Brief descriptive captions
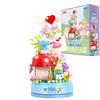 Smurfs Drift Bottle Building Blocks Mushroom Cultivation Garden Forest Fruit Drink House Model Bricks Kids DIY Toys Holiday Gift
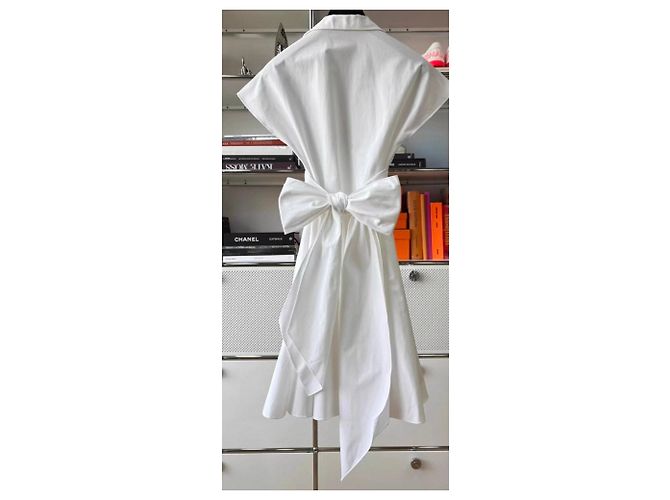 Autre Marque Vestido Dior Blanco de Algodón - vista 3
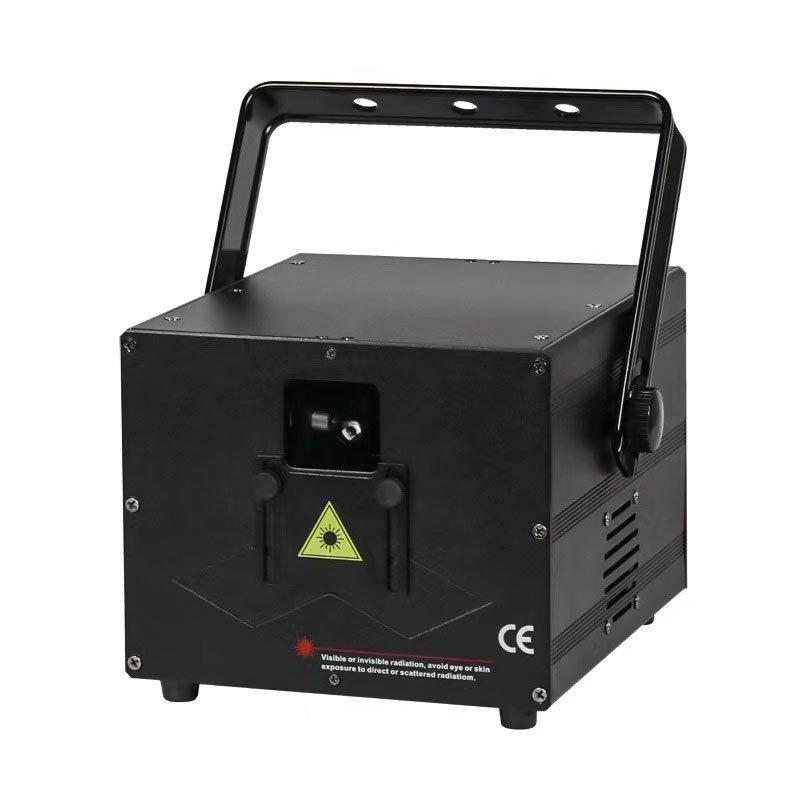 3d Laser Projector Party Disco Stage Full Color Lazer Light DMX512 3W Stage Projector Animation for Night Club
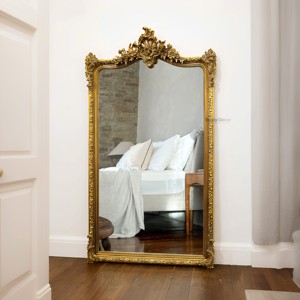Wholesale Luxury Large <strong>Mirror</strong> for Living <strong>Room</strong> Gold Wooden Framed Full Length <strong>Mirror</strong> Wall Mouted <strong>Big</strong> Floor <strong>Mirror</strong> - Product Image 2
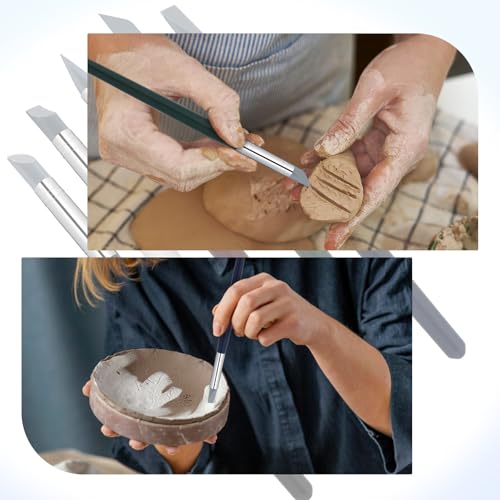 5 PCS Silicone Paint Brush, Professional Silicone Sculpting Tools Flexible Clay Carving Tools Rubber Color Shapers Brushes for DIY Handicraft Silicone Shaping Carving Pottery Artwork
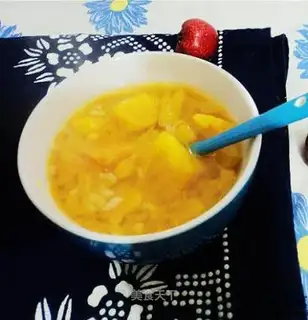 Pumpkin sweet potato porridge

■ WORK TASK ■
What you return should be only the exact lines from the top of the entries through the line with "Autre Marque Vestido", minus the pictures.

■ SOLUTION BELOW ■
 Smurfs Drift Bottle Building Blocks Mushroom Cultivation Garden Forest Fruit Drink House Model Bricks Kids DIY Toys Holiday Gift
 Autre Marque Vestido Dior Blanco de Algodón - vista 3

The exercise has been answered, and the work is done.